▸ Extracted entries:
◆ ◆ ◆ ◆ ◆ ◆ ◆

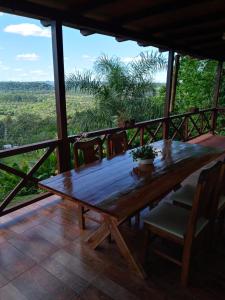 a wooden table and chairs on a porch with a view at Cabaña Las Palmeras in El Soberbio
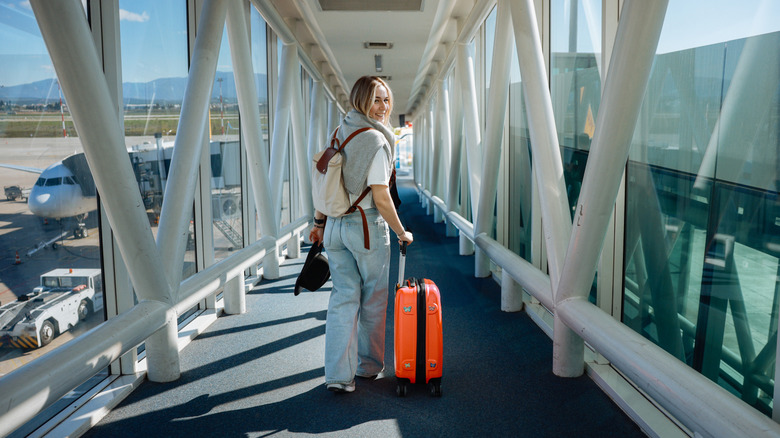 Traveler boarding airplane with a carry-on suitcase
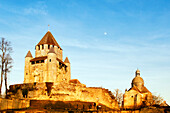 Seine et Marne. Provins,medieval city,Saint-Quiriace collegiate on the right and Caesar tower on the left at sunset.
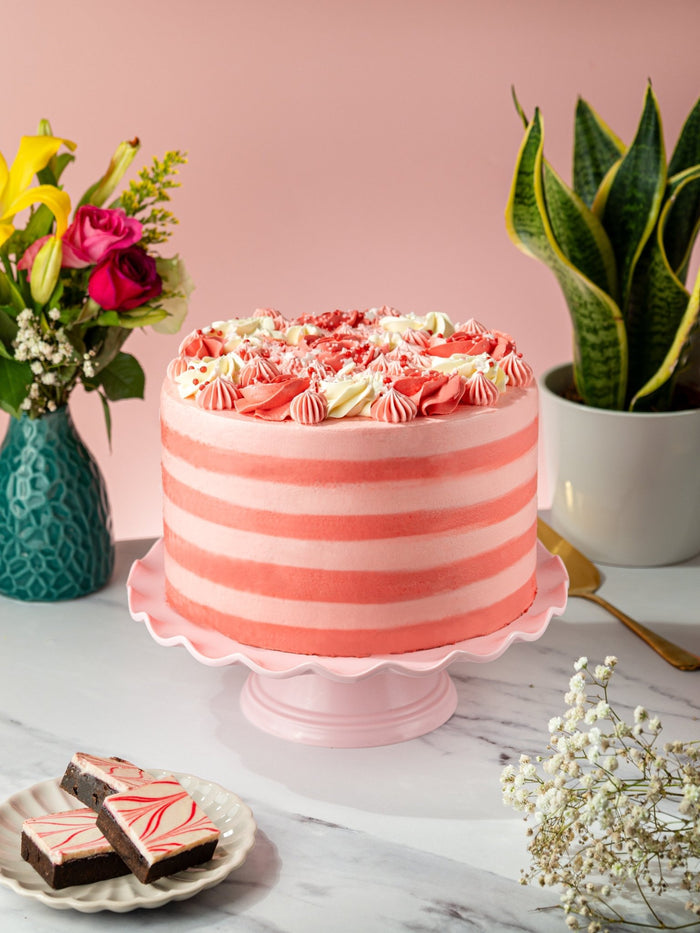 Pink Candy Stripe Gateau on a pink cake stand with fresh flowers and a plate of brownies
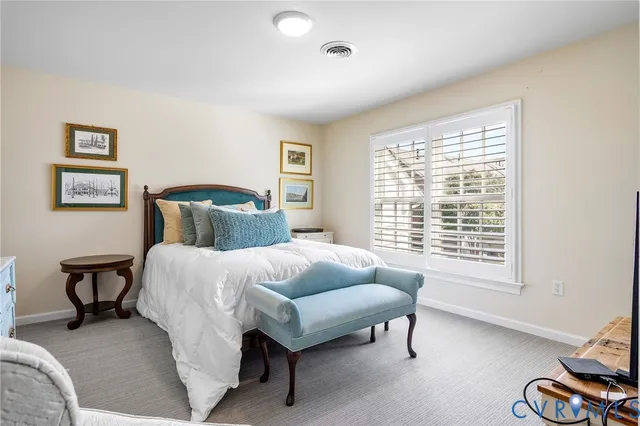 a view of a backyard with plants and a bench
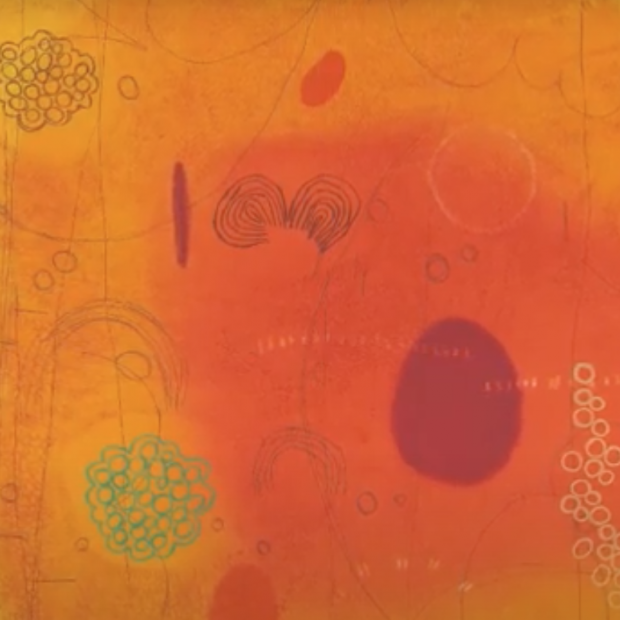 Abstract print with floating circular forms floating on a nebulous red and orange background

◆ ◆ ◆ ◆ ◆ ◆ ◆

▸ The problem:
Leaving out all pictures, repeat word for word the lines from the one containing "Traveler boarding airplane" through the final line of the material above.

▸ Exercise result:
 Traveler boarding airplane with a carry-on suitcase
 Seine et Marne. Provins,medieval city,Saint-Quiriace collegiate on the right and Caesar tower on the left at sunset.
 Pink Candy Stripe Gateau on a pink cake stand with fresh flowers and a plate of brownies
 a view of a backyard with plants and a bench
 Abstract print with floating circular forms floating on a nebulous red and orange background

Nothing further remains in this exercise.